What to do
Return exactly the lines from the start of the records below through the line containing "Gaming PC, high", both ends included, and leave out the pictures.

Short descriptive text snippets:
--

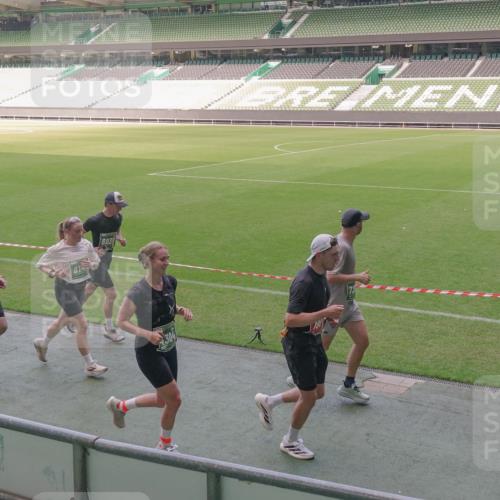 13.09.2026 - 21. swb-Marathon Bremen Michael Burmester http://msf.ph/oto/10336566 13.09.2026 13:12:21 Laufen im Stadion 118, 183, 265, 349, 514, 695, 702, 703, 843, 933, 984, 1113, 1226, 1286, 1334, 1435, 1641, 1849, 1851, 1936, 1952, 2005, 2248, 2264, 2281, 2299, 2330, 2336, 2353, 2375, 2377, 2398, 2426, 2443, 2461, 2478, 2505, 2531, 2589, 2659, 2669, 2673, 2684, 2765, 2792, 2804, 2815, 2822, 2836, 2850, 2860, 2884, 2895, 2907, 2963, 2966, 2975, 2976, 3027, 3079, 3082, 3143, 3155, 3159, 3253, 3293, 3308, 3328, 3349, 3352, 3409, 3434, 3549, 551 meine-sportfotos.de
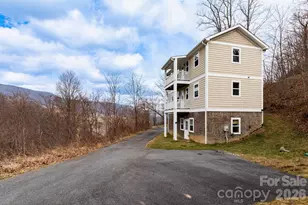 14 Lila Ln, Clyde, NC 28721 - Photo 2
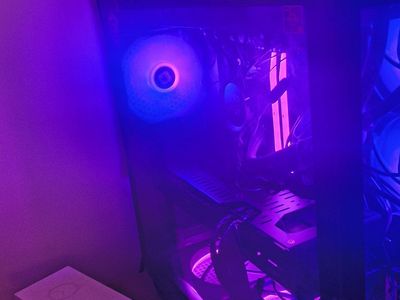 Gaming PC, high end. Posts to bios. Rubs Great just needs SSD.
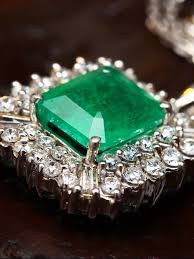 Online antique appraisals are convenient sources of information. Old Jewelry Appraisal Estimates Get Jewelry Appraised Online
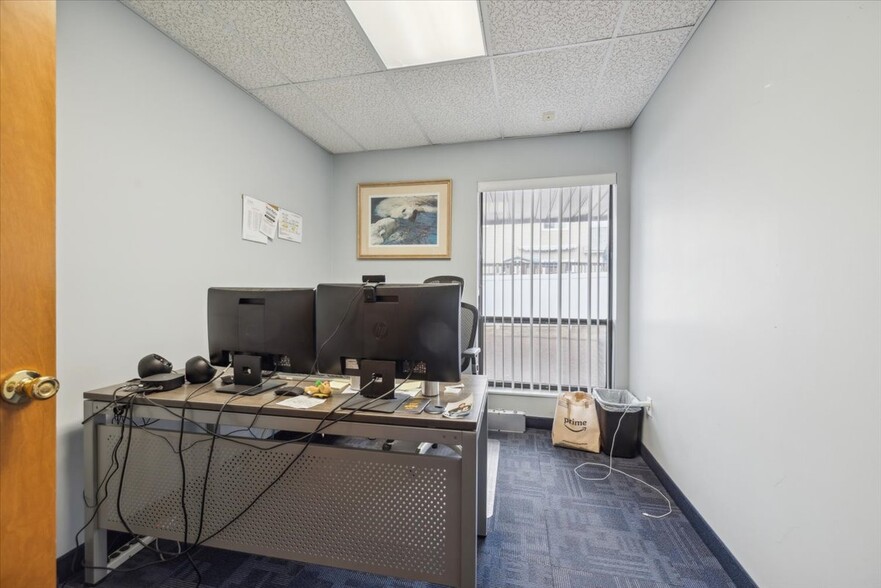 More Photos Of 495 Union Ave, Middlesex Medical For Lease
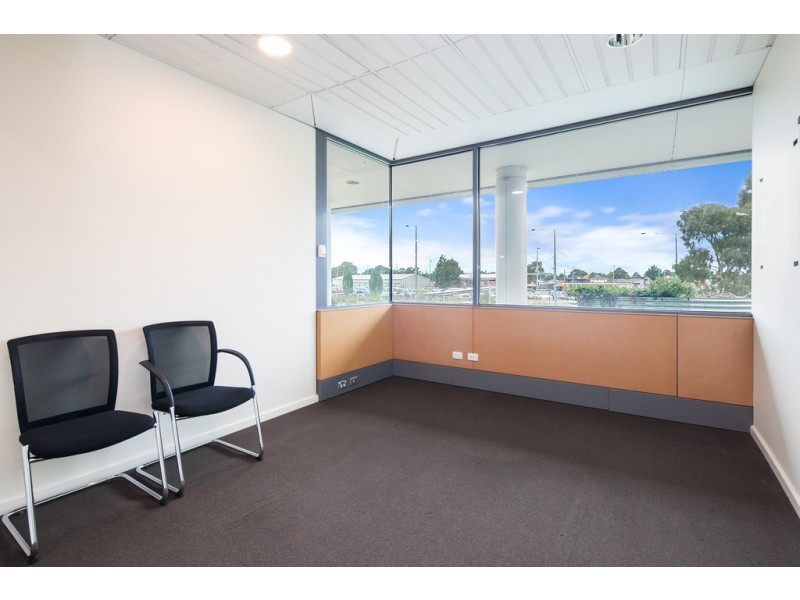 2/7 Learmonth Road, Wendouree VIC 3355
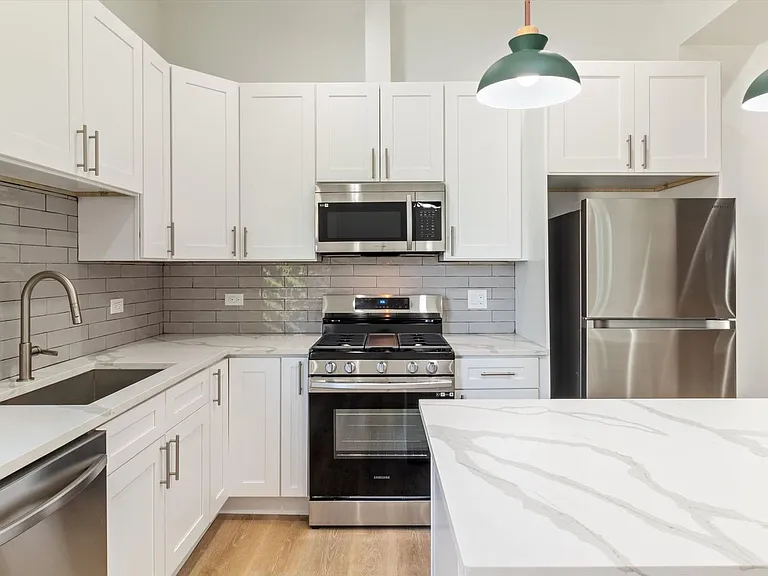 2520 N Mozart St #2R — Photo 2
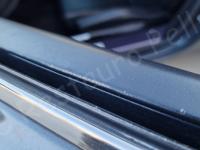 Aston Martin V8 Vantage (Alessandro Pedersoli) – Restauro degli interni - Correzione di piccoli danni sul rivestimento in pelle della portiera. (PRIMA)
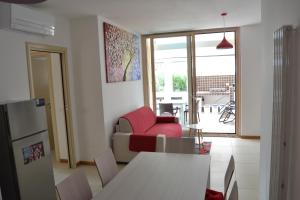 A seating area at Il Terrazzo 40 metri dal mare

--

Answer for this exercise
 13.09.2026 - 21. swb-Marathon Bremen Michael Burmester http://msf.ph/oto/10336566 13.09.2026 13:12:21 Laufen im Stadion 118, 183, 265, 349, 514, 695, 702, 703, 843, 933, 984, 1113, 1226, 1286, 1334, 1435, 1641, 1849, 1851, 1936, 1952, 2005, 2248, 2264, 2281, 2299, 2330, 2336, 2353, 2375, 2377, 2398, 2426, 2443, 2461, 2478, 2505, 2531, 2589, 2659, 2669, 2673, 2684, 2765, 2792, 2804, 2815, 2822, 2836, 2850, 2860, 2884, 2895, 2907, 2963, 2966, 2975, 2976, 3027, 3079, 3082, 3143, 3155, 3159, 3253, 3293, 3308, 3328, 3349, 3352, 3409, 3434, 3549, 551 meine-sportfotos.de
 14 Lila Ln, Clyde, NC 28721 - Photo 2
 Gaming PC, high end. Posts to bios. Rubs Great just needs SSD.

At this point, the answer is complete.